## MATERIAL FOR THIS TASK
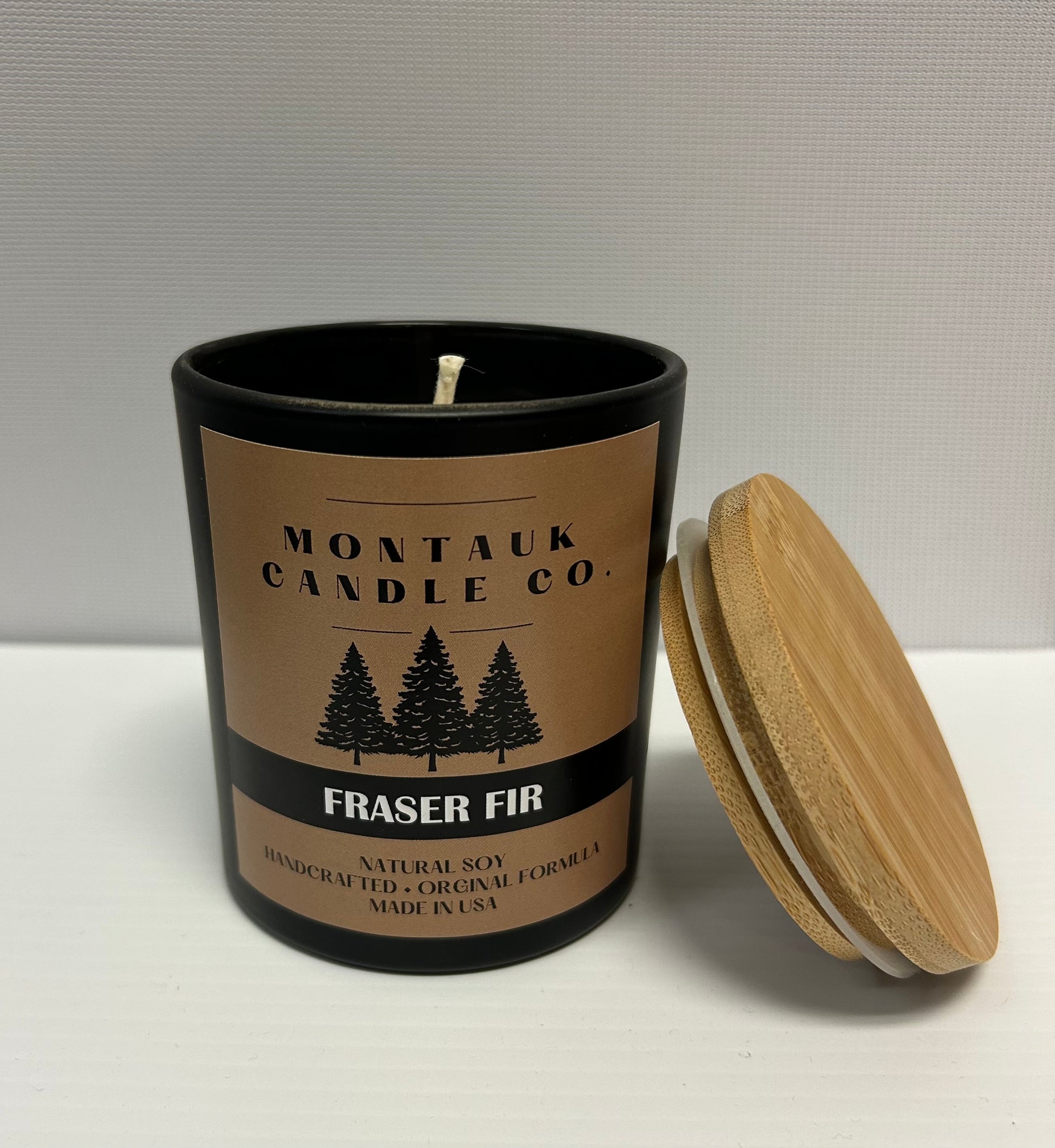 frasir fir soy candle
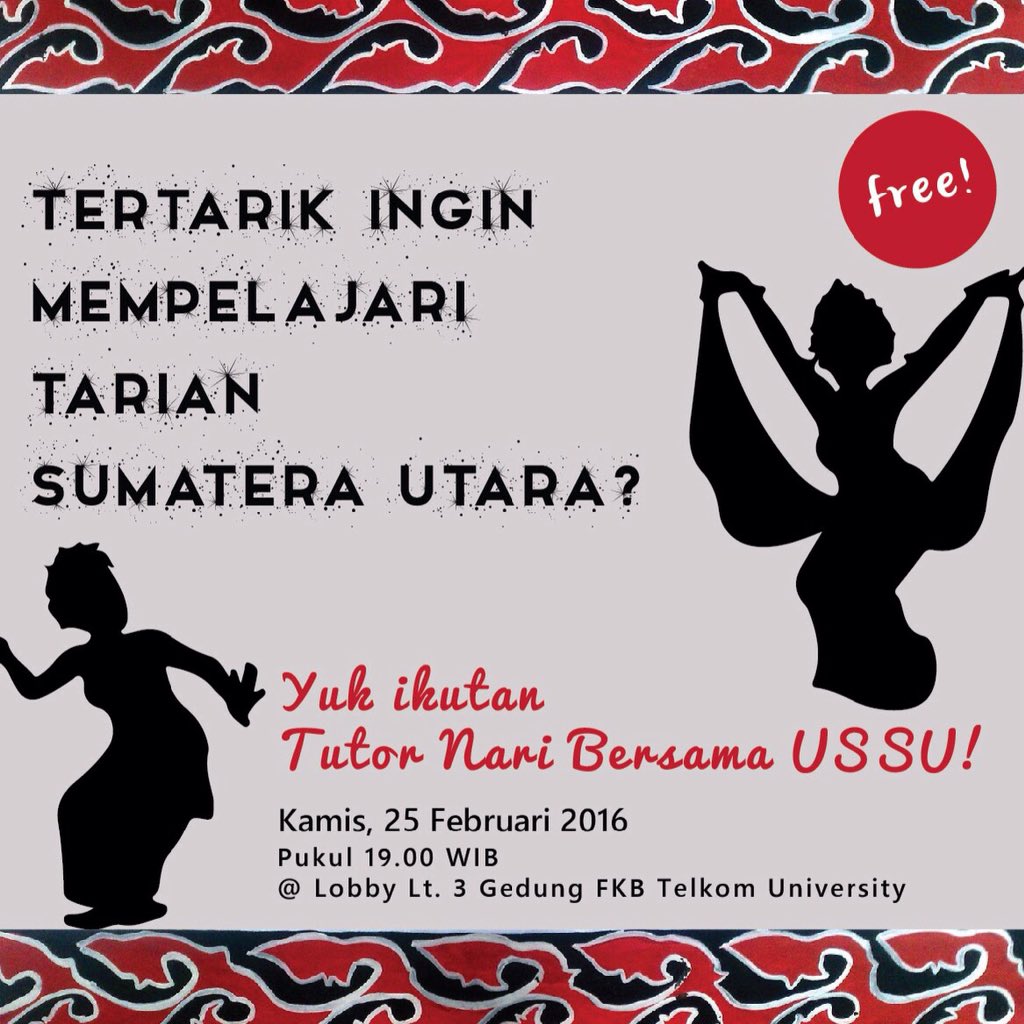 USSU_EBK's tweet photo. Ikutan yuk guys! :) https://t.co/A2npFjyAdL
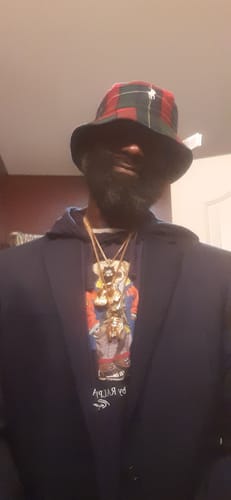 Customer photo review of Complete Beard Care Kit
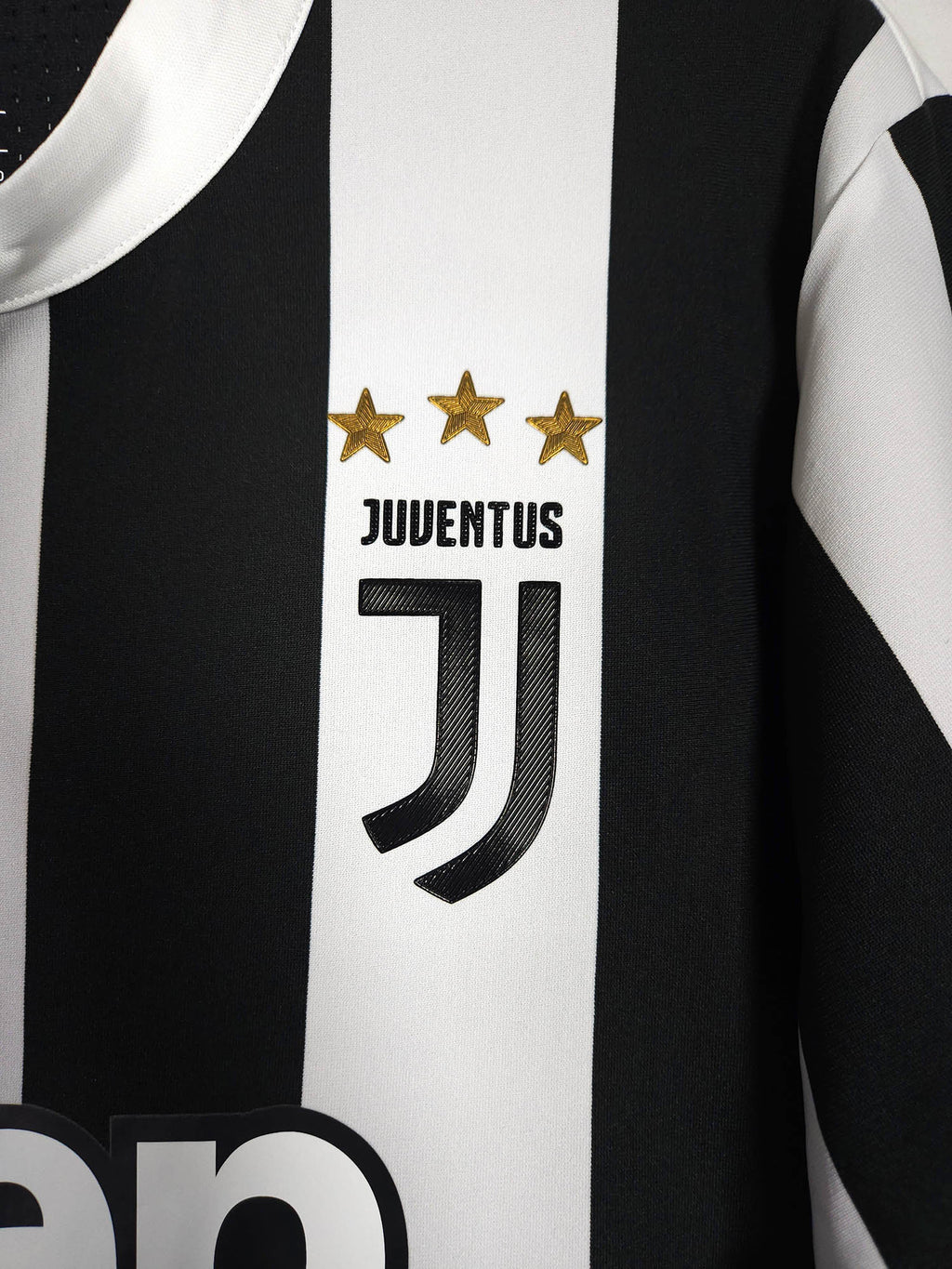 2017-18 Juventus Authentic Home Shirt Dybala #10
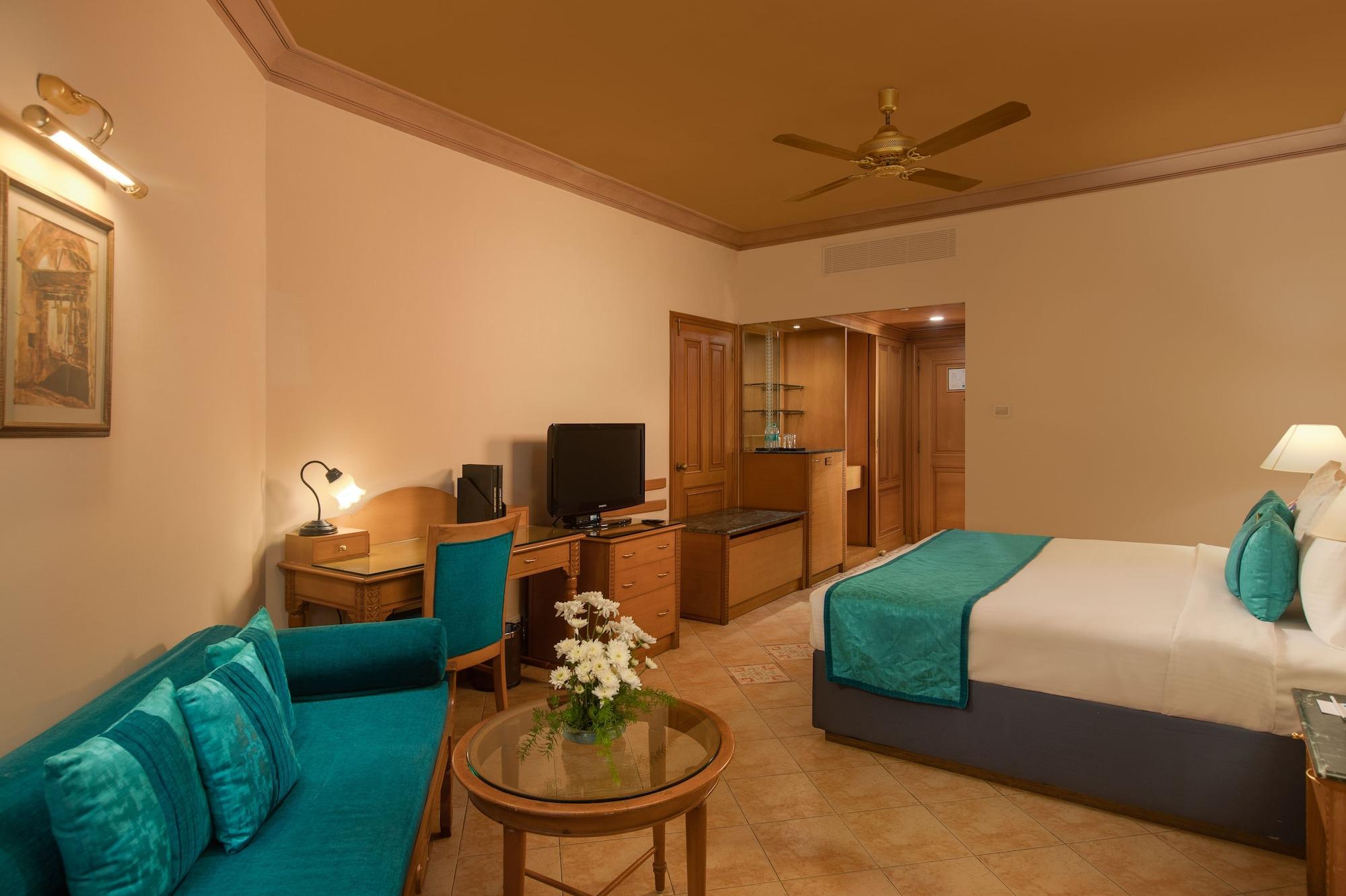 Kenilworth Resort & Spa, Goa Utorda Exterior foto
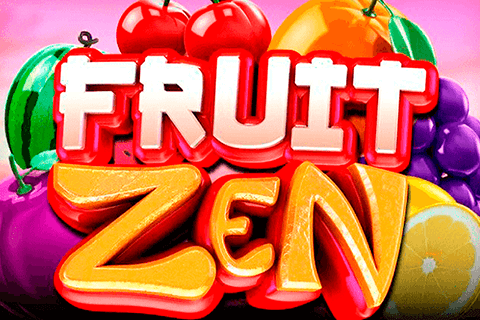 logo fruit zen betsoft 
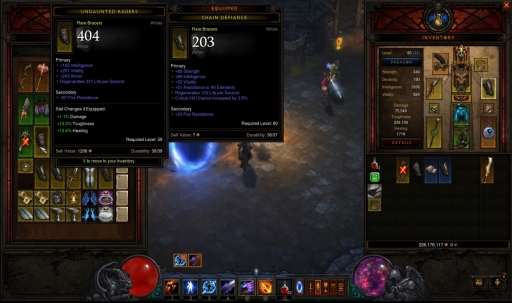 画像ギャラリー No.003のサムネイル画像 / 「Diablo III」のゲームシステムが大きく変化する“Patch 2.0.1”が北米サーバーに先行実装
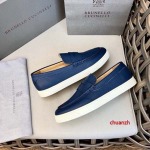 2024年7月3日新品入荷Brunello Cucinelli スニーカー chuanzh工場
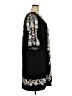 Sandra Darren Black Casual Dress Size 2X - photo 4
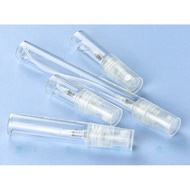 3ml Bottle Perfume Spray GLASS BOTTLE FOR SPRAY PERFUME 3ml 5ml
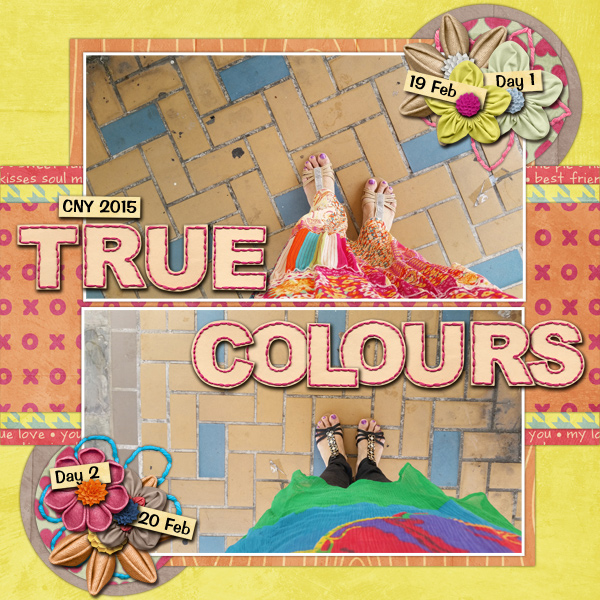 True Colours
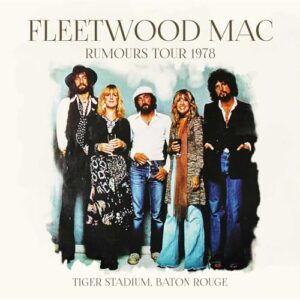 Rumours Tour 1978 - Fleetwood Mac (CDs)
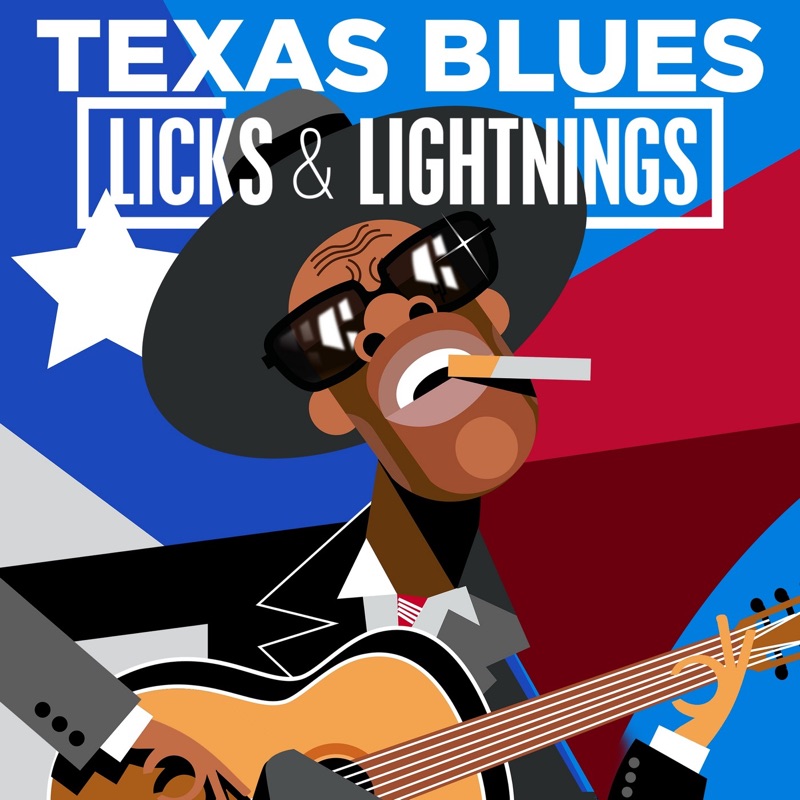 Texas blues. Техасский блюз.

## EXERCISE INSTRUCTIONS
Output every record above word for word, omitting any pictures they contain.

## EXERCISE RESPONSE
 frasir fir soy candle
 USSU_EBK's tweet photo. Ikutan yuk guys! :) https://t.co/A2npFjyAdL
 Customer photo review of Complete Beard Care Kit
 2017-18 Juventus Authentic Home Shirt Dybala #10
 Kenilworth Resort & Spa, Goa Utorda Exterior foto
 logo fruit zen betsoft 
 画像ギャラリー No.003のサムネイル画像 / 「Diablo III」のゲームシステムが大きく変化する“Patch 2.0.1”が北米サーバーに先行実装
 2024年7月3日新品入荷Brunello Cucinelli スニーカー chuanzh工場
 Sandra Darren Black Casual Dress Size 2X - photo 4
 3ml Bottle Perfume Spray GLASS BOTTLE FOR SPRAY PERFUME 3ml 5ml
 True Colours
 Rumours Tour 1978 - Fleetwood Mac (CDs)
 Texas blues. Техасский блюз.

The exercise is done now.